I've always been a bit of a trouble maker in my mom's eyes. My daily talking-tos (or more precisely, yelling-ats) used to be triggered by such innocent things as lighting fires in places she felt should remain unburnt, or sticking things into my mouth that she felt should remain untasted. I blame these childhood dressing downs for my current state of affairs: it is now virtually my job to light fires and stick inappropriate things in my mouth. Thanks Mom.
That said, I still get in trouble with her, though for an entirely different reason that mostly involves recalling false memories and passing them off as real to online readers. The most recent offense: "I didn't raise you on Spam. I hate Spam," she told me in an irate email last week. Yeah? Then who fed it to me, or are you implying that I saved up pennies from the couch to spend on canned meat?
She's probably right, but here's one set of memories I know to be true: The original Steve's Ice Cream was the greatest ice cream in the world.
I was born in Boston and lived in Cambridge until my family moved to New York when I was four years old. Throughout my childhood, my regular trips back to Boston were marked by one distinct memory: The orange-and-blue ice cream logo I'd look for as my dad drove us from Cambridge towards Somerville to hit Steve's. Inside, the hippy-ish teens behind the counter would take a big scoop of the stretchy, chewy ice cream (sweet cream was my favorite flavor) and drop it onto the cold marble counter where they'd use two spatulas to form it into a little mound with a depression in the center, like a pile of mashed potatoes waiting for butter.
Into the depression would go a handful of crushed Heath bars (the original mix-in!), then they'd knead it back and forth, back and forth, working the candy through the mix before piling it into a cup and drizzling it with hot fudge—the proper kind, that turns chewy and gummy as it cools.
They had a little upright piano in the corner of the store, where if you were little and cute enough, you could play 'em a song for a free small scoop of ice cream.
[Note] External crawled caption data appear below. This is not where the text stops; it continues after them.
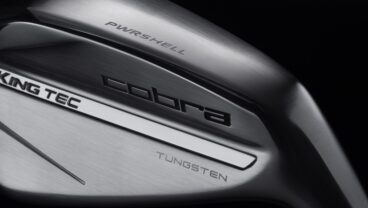 Cobra Golf King TEC irons_xGO_Clubs_Paper_Flow_King_Tec_Chrome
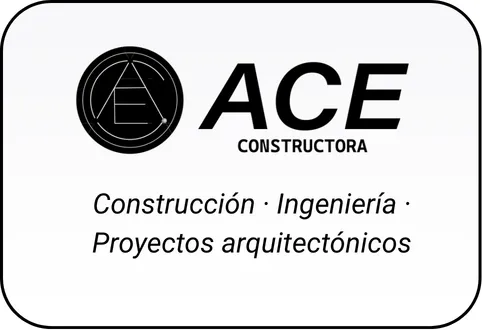Logo empresarial 01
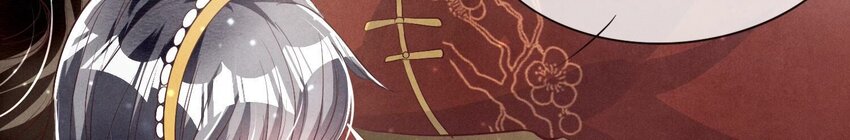 16 第11话（下） 出轨(1/2)-第16话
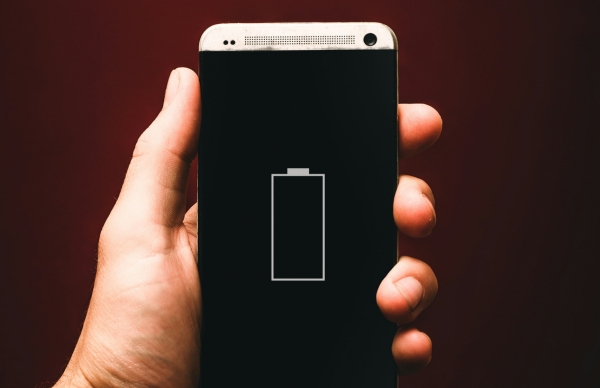 How To Extend Battery Life Of Your Phone: 5 Simple Tricks How To Extend Battery Life Of Your Phone: 5 Simple Tricks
I wasn't cute enough, but my sister was.
These days, the concept of mix-ins might not seem all that impressive when mega-chains like Cold Stone Creamery and Amy's Ice Creams (started by a former Steve's employee) have taken the idea and run with it, putting franchising and dollars & cents in front of quality, but Steve's was the very first ice creamery of its kind. Indeed, the original Somerville shop, opened in 1973, is widely agreed to be the birthplace of modern ultra-premium ice cream.
What does "ultra-premium" even mean? I'm talking ice cream with extremely low overrun—the industry term for how much air is incorporated into the base as it churns. Dense, ultra-rich, ultra-creamy ice cream that is sticky, stretchy, and chewy, almost like taffy. Ice cream you can bite with your teeth and stretch away from the cone, pulling off a bit at a time, letting it slowly melt in your mouth with not a hint of iciness or wateriness. Ice cream that you have to really eat, not just lick. Ice cream that's so dense and creamy that you can polish off an entire cone before it even thinks of beginning to drip onto your hands. Reportedly, Steve himself modified his churning equipment to get it to make ice cream the way he wanted.
It's the ice cream that put Boston on the map as one of the great ice cream towns, and has spawned a culture of ultra-premium ice cream in the area. Great shops like Toscanini's, Christina's, J.P. Licks, or Emack & Bolio's most likely wouldn't exist had Steve Herrell not created a market for it. Even Ben & Jerry's owes a debt of gratitude to Steve.
So where is the chain today? Unfortunately, it hit tough times back in my early teen years. Franchise stores continued to exist and serve the same proprietary ultra-dense ice cream through the 90's, but after selling off the brand name, the corporate office decided to use Steve's name to sell pre-packaged ice cream and novelties. This did not go over well with either the franchise owners nor the lovers of the original, hand-made, mix-in-based Steve's. The company quietly slinked away by the late 90's.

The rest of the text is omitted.